*WHAT THE TASK REQUIRES:*
Using the records below, write out only the lines from the line containing "Под Киевом погибла девушка в аварии" up to and including the line containing "Ideal For Groups", exactly, with no pictures.

*MATERIAL SHOWN:*
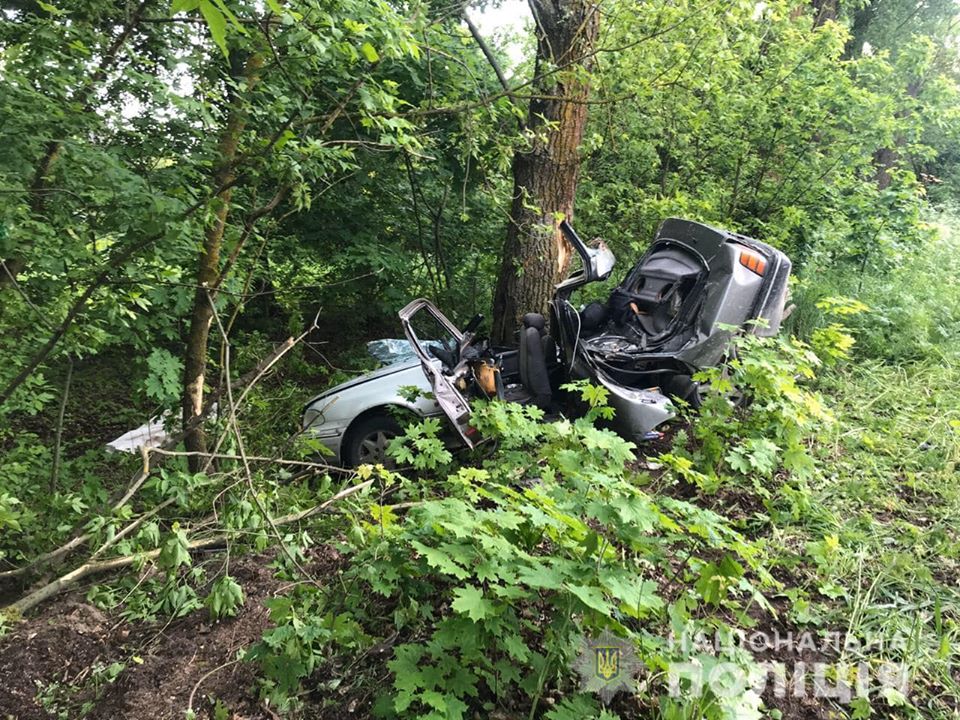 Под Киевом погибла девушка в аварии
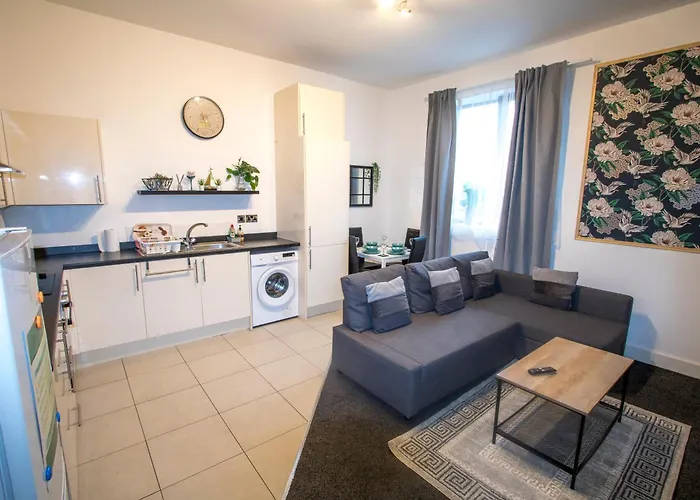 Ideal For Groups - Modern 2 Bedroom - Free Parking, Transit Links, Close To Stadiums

==

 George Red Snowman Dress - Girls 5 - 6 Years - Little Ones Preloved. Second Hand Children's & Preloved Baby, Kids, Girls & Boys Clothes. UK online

*SOLVED EXERCISE:*
 Под Киевом погибла девушка в аварии
 Ideal For Groups - Modern 2 Bedroom - Free Parking, Transit Links, Close To Stadiums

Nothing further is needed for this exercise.